*Task requirements*
Would you reproduce the data below exactly, please, leaving out its images?

*Information provided*
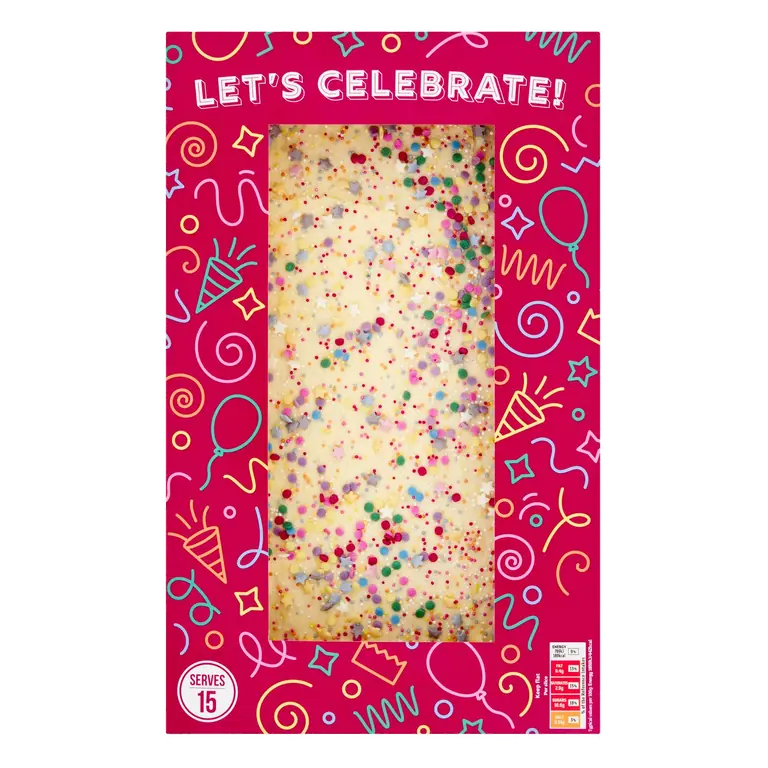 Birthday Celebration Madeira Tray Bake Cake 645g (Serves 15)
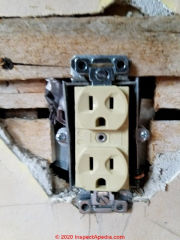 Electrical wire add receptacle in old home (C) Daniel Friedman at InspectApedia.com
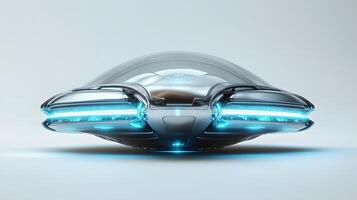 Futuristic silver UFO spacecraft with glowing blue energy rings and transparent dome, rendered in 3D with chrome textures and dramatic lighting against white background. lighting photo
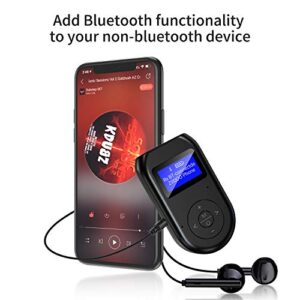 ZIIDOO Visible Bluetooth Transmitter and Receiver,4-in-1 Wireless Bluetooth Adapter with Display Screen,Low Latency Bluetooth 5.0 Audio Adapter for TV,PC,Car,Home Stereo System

*Answer space*
 Birthday Celebration Madeira Tray Bake Cake 645g (Serves 15)
 Electrical wire add receptacle in old home (C) Daniel Friedman at InspectApedia.com
 Futuristic silver UFO spacecraft with glowing blue energy rings and transparent dome, rendered in 3D with chrome textures and dramatic lighting against white background. lighting photo
 ZIIDOO Visible Bluetooth Transmitter and Receiver,4-in-1 Wireless Bluetooth Adapter with Display Screen,Low Latency Bluetooth 5.0 Audio Adapter for TV,PC,Car,Home Stereo System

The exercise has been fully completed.